Firstly, we have to truly understand and appreciate the development of the music beyond the mainstream contemporaries such as Bob Marley, and Peter Tosh and the basic terminology of “Reggae”. No disrespect intended, but we have to peel away the layers of the onion to reveal its core.
It is the core that defines the music.
Reggae is not as many may think. A fusion of externalized influences, interpreted, and blended to fit our own cultural experience. This fact may be argued, evident by the past and present trend, but this experience happens to all musical art forms as it tries to find a place outside of its own social habitat.
Hiphop/Rap fused with classical, latin, and slews of 60’s and 70’s groove samples. Jazz eventually fused with Blues, R&B, Doowoop etc. and let us not forget the latest and greatest example, reggaeton. Yet the purist fans of every musical genre enjoy the fused experience. Some stay for the ride, while others retreat to purity, like a tribe splitting up, sub-genres are born.
As Yuppies become boomers, and Generation X gave birth to Generation Next each generation holds onto their own musical classification. Their rhythmical identity, a subliminal time machine that when needed creates some kind of nostalgic, physiological comfort zone, which for every generation is incomparable.
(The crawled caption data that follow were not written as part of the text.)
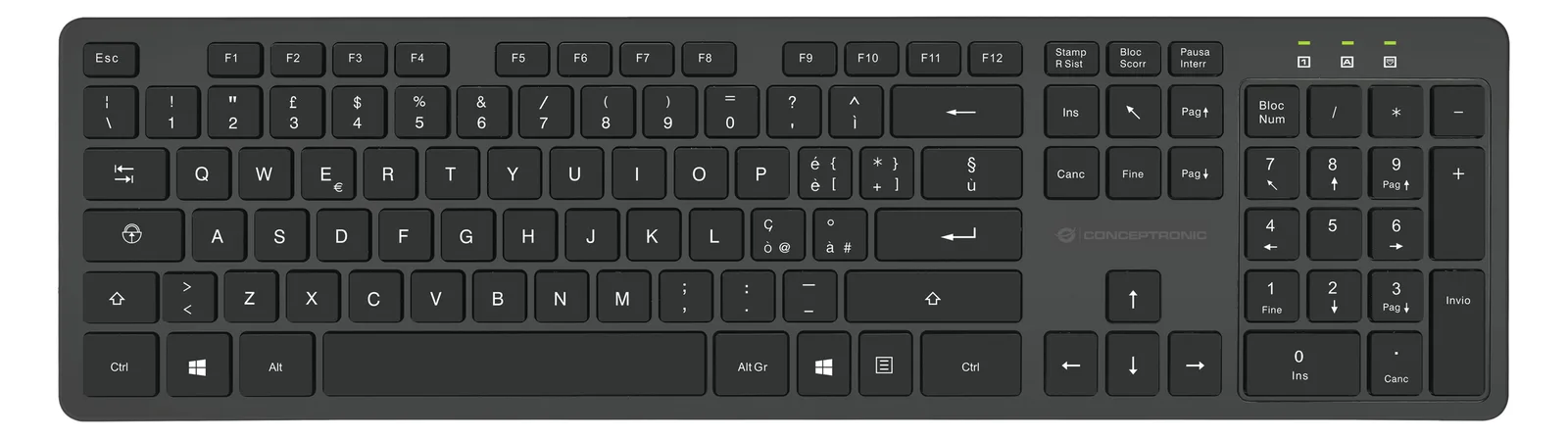 Conceptronic ORAZIO - Tastatur-und-Maus-Set - kabellos - 2.4 GHz - Schwarz - TL: Italienisch, QWERTY, Ansicht 2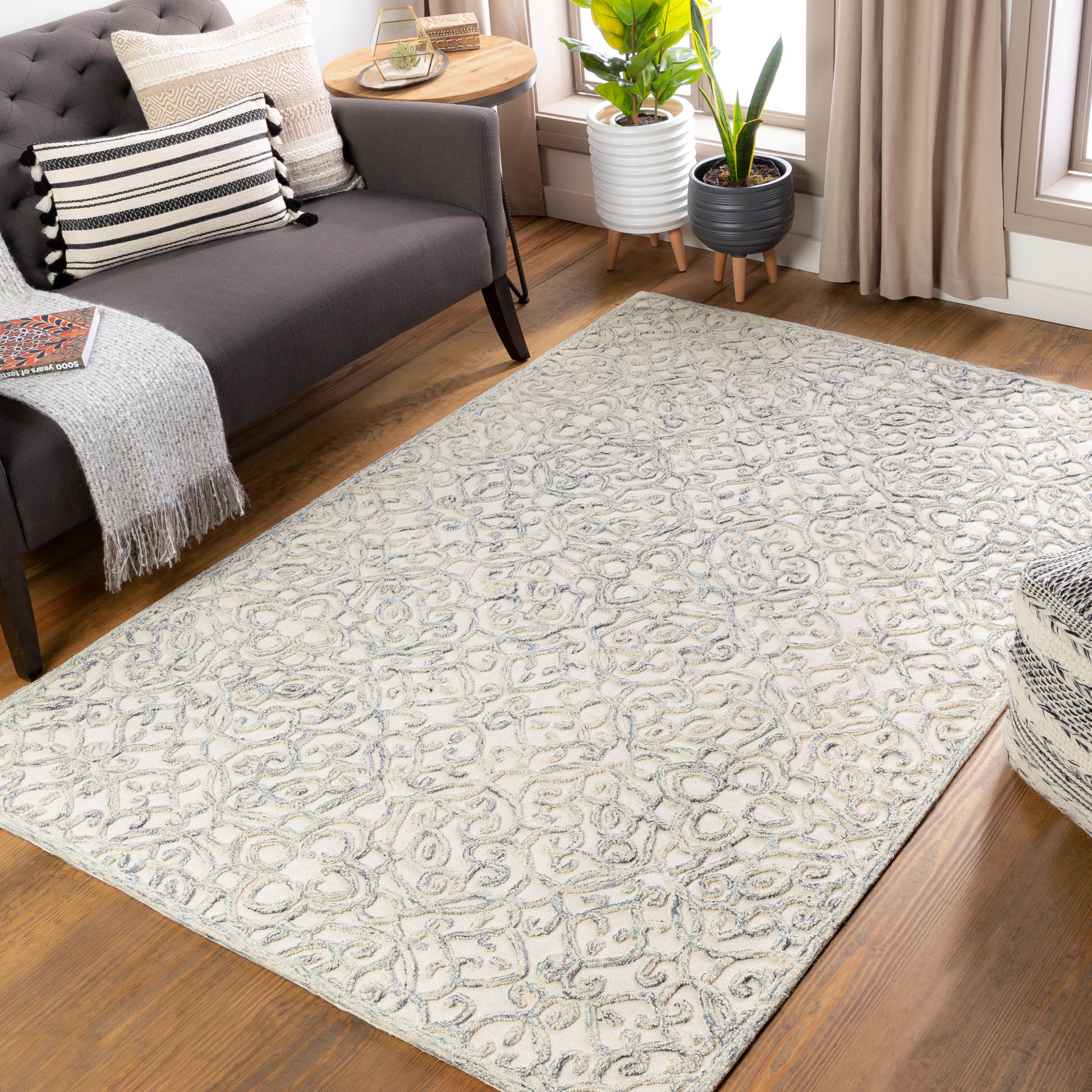 Surya Elegance Egc-2302 Denim, Cream Area Rug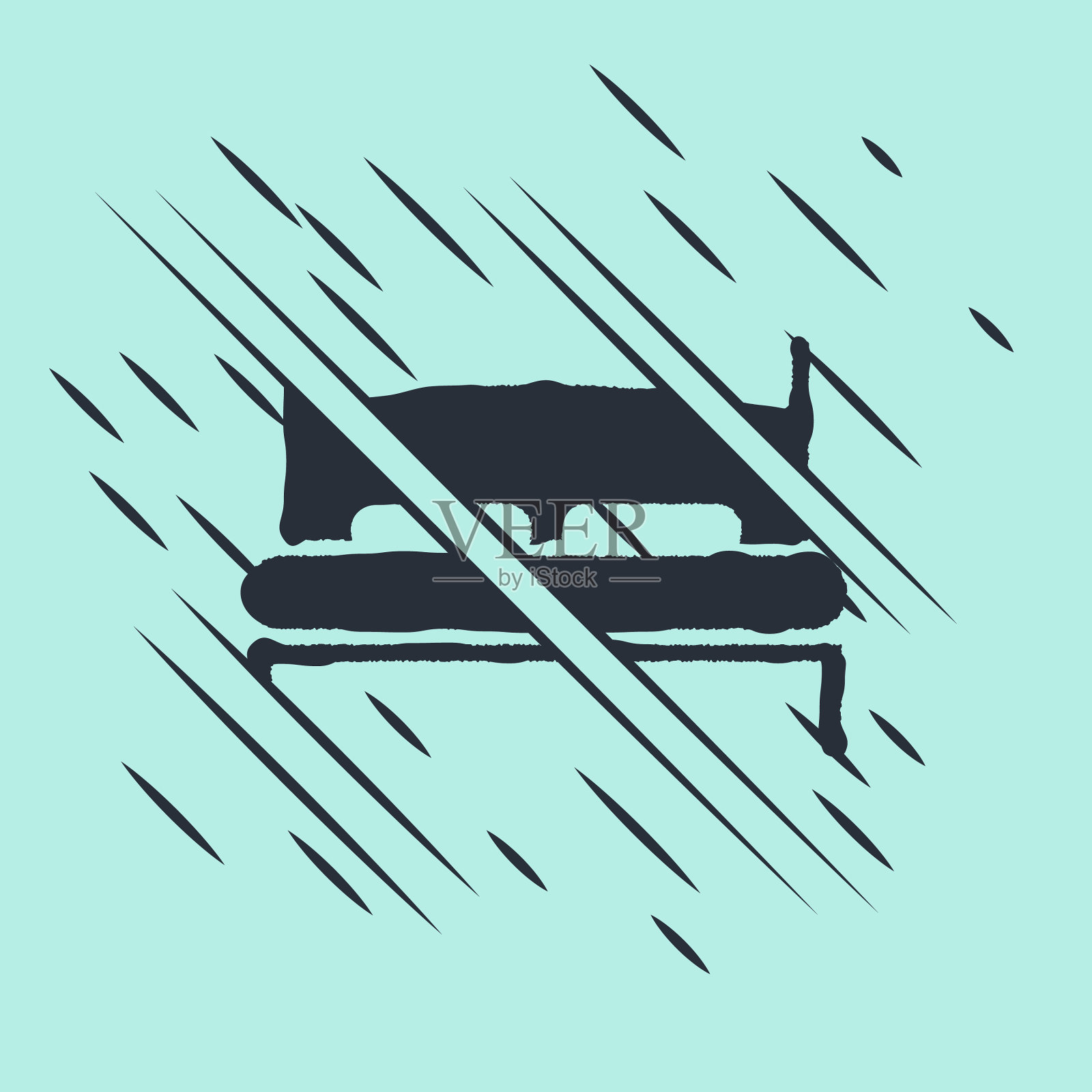 黑色大床为两人或一人图标孤立插画图片素材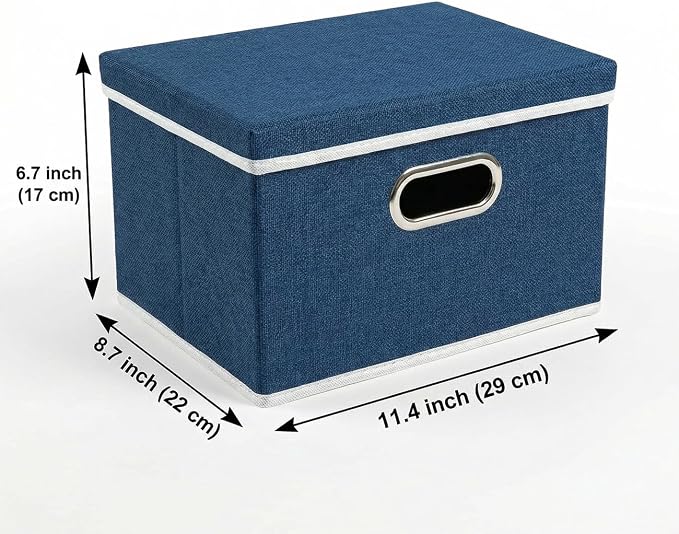 PRANDOM Storage Bins with Lids [3-Pack] Linen Fabric Foldable Storage Boxes Organizer Containers Baskets Cube with Cover for Bedroom Closet Office Royal Blue（11.4X8.6X6.7 - Image 3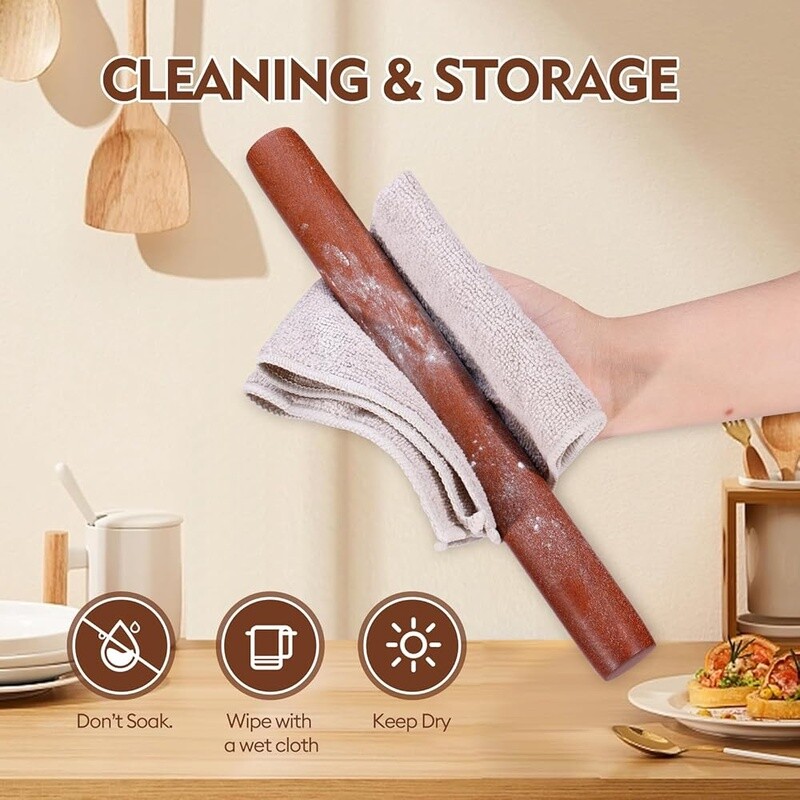 Non-Stick Wood Rolling Pin Baking Pizza Pie Dough Cookie Pastry Kitchen Tool New gallery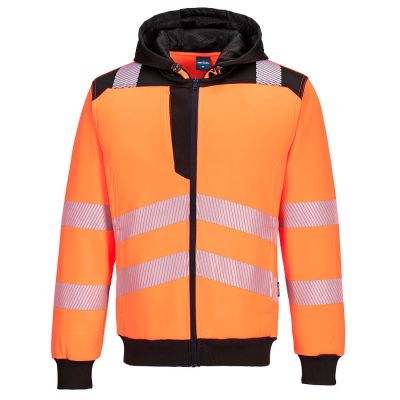 PW327 PW3 Hi-Vis Zip Hoodie  Orange/Black 4XL Regular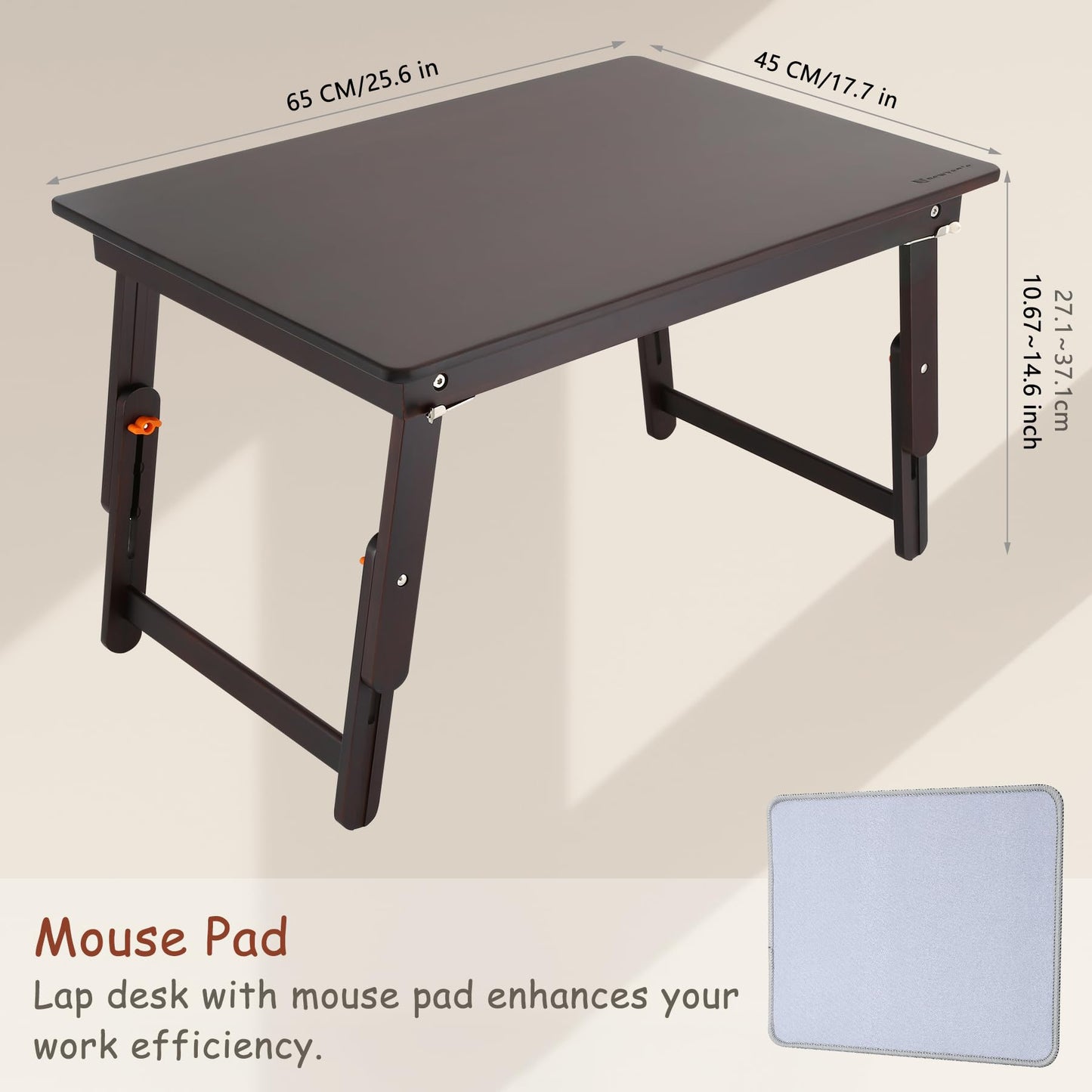 Nnewvante Foldable Laptop Desk, 25.6 Inch Laptop Bed Tray Table with Mouse Pad, Adjustable Floor Table for Writing Eating Gaming, Lap Table for Adults, Kids, Black Walnut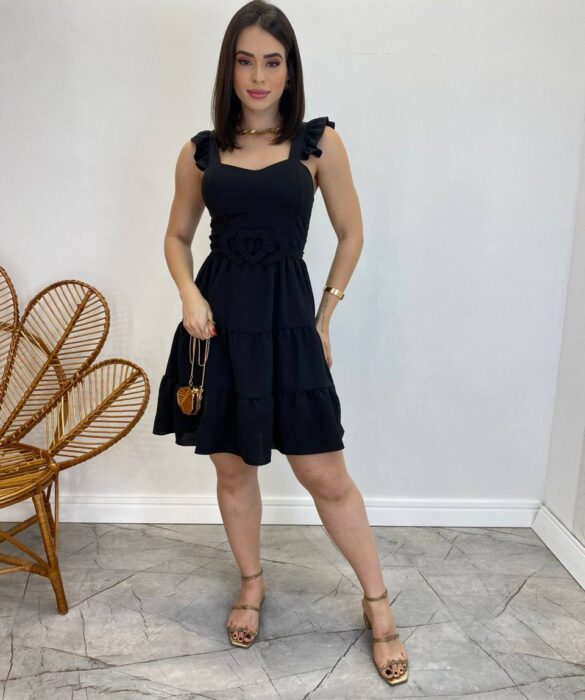 Vestido Curto Maitê com Bojo e Amarração de Coração Preto - Fernanda Ramos Store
Yuppies, now boomers, still think Jimmy Riley is the biggest thing since slice bread. But Generation Next thinks Tarrus Riley is the man of all times. And when Generation Next gives birth to Generation Y(any child born 2000+), Tarrus will still be the biggest thing for our generation.
To each his own, and that’s a fact.
In the early days, as far back as the 1920’s, reggae was unnamed. It had no true social identity in Jamaican culture. It was just called, “Rasta music”, or blackheart chant, that these, so called “madmen” would chant and beat whilst they burned bonfires to cover the scent of the marijuana they consumed. The few Sadhu Indians that’s came to Jamaica in the late 1880’s, brought with them not only weed seeds, but the Nazarene vow, and word of mouth updates of the middle east and its spiritual practices. This influx of information up stirred the yearning few, who crudely interpreted this new knowledge to create a social ideology that other “sufferers” as themselves could identify with. Once the Leonard Howell saga took place in the 30’s, it not only further isolated these outcast, but it fevered their unstated mission of creating a social identity for the people, primarily the black indentured laborers and subsistence sufferers who could recognize, and sympathize with their cause. This was helped heavily by the illiteracy rate amongst the lower class individuals within Jamaica and as such the art of “word of mouth” and rhythmical rhymes were all simple ways used to pass stories, history and lessons of life to the next generation.
Reggae embraced this mantra from its conception quite incidentally, and once it was recognized, it became the steam that kept the fledgling art form growing until its upsurge, during the Garveyian Era that not only brought the Selassian prophecy, but with it the ideology of black heritage which was soon blended into this infantile movement aptly name “Rastafari”.
As the movement grew, so did the music, and by the 1940’s the term Nyabinghi was attached to the art form, a crude reference to the Nyabinghi drum chants, somewhat like the “talking drums” of the North American Indians, supposedly used by secret Ethiopian warriors to communicate during the 1935 Italian invasion. This would later be redefined (or refined from your point of view) by the Bobo Tribe in the latter 1960’s.
The Coral Garden drama in the early 60’s only helped to feed the fire that simmered this musical cauldron, creating a social platform in an instance for the Rastafarian movement, by giving them a very evident mission. To uplift the people, and to give them a sense of heritage, and a spiritual purpose with which they could truly identify.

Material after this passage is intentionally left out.